Implementing the shared decision making and control system required collaboration with many students, faculty, and staff in the IfR and opened up new research directions as a result. Some of these areas include safety concepts for testing shared control architectures, the relationship between human-machine interaction in shared control and more formal notions of controllability in automotive safety, and the design of haptic feedback systems to give different drivers comfortable steering support. Near the end of the summer, 17 lab members and collaborators from nearby Volkswagen were able to drive with the system, giving me invaluable feedback and insights that I will take back to my research at Stanford. This project taught me a lot about adapting previously designed systems to a new hardware platform and broadened my research horizons beyond the topic areas I was focused on going into the summer.
Enabling Remote Vehicle Operation
An additional and unexpected research project arose after I attended a presentation from one of my labmates Leon Brettin about teleoperation. During the presentation, Leon introduced various conceptual frameworks for remotely controlling vehicles, and I jumped on the opportunity to introduce experimental methods as a further possibility in this work. Using the knowledge needed to transfer my shared control system to the TU Braunschweig Hu&ViL platform, we were able to quickly build up a low-latency remote operation system for prototyping future teleoperation concepts. This system displays a virtual version of the real driving scene for the operator, eliminating the need to send large quantities of HD video data. Getting to develop a teleoperation system at the IfR during my research exchange was really fun, and I hope it will remain useful for future research endeavors. Through both the shared control and teleoperation work, I was hopefully able to provide knowledge and transfer technology in broader support of experimental work in the IfR.
Outside of the Lab
Beyond the technical exchange, I gained eleven new friends through my labmates in Germany and a wide range of unique cultural experiences. Some of these include weekend explorations of several German cities and smaller towns in the area, a flight with one of my labmates in a(glider), enjoyment of local cuisines such as Fischbrötchen in Hamburg and the famous VW Currywurst, and a visit to my German Grandfather's childhood home. I also was able to make connections via sports, playing tennis and badminton and getting into a regular rock climbing routine with some of my labmates. I was excited as well to experience German sport culture, attending a couple of 2. Bundesliga soccer matches (which have some of the most passionate fans I’ve ever seen) and a local professional tennis tournament in Braunschweig.

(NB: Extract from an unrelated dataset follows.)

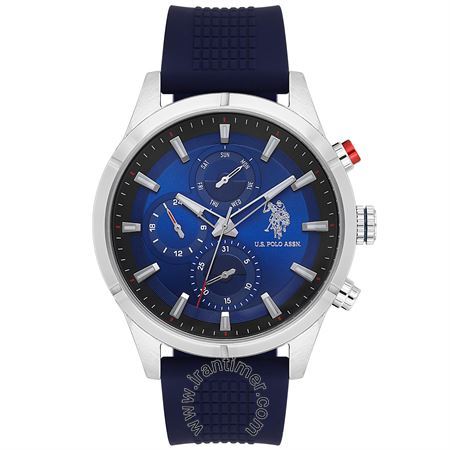 قیمت و خرید ساعت مچی مردانه یو اس پولو(U.S. Polo Assn) مدل USPA1014B-13 اسپرت | اورجینال و اصلی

I really enjoyed life in Braunschweig, particularly the ease with which I could bike around town and the abundance of greenery in nearby parks. It was very helpful to have learned some German before going, having taken the first-year GERLANG sequence at Stanford. Although most people were able to speak some – if not very good – English, being able to relate to others in their native language and understand conversations around me made a big impact on my feeling of belonging in Braunschweig. One last element of my time in Germany that I’ll touch on were daily lunches at the Mensa (the university cafeteria) with my labmates. The meals were varied and affordable, and it was really nice to take a break from work together every day and get to chat over warm food. The Mensa was a great routine that I will definitely miss. For many reasons, I will smile very fondly on my time in Braunschweig this summer, and I can’t wait for the next time I can visit.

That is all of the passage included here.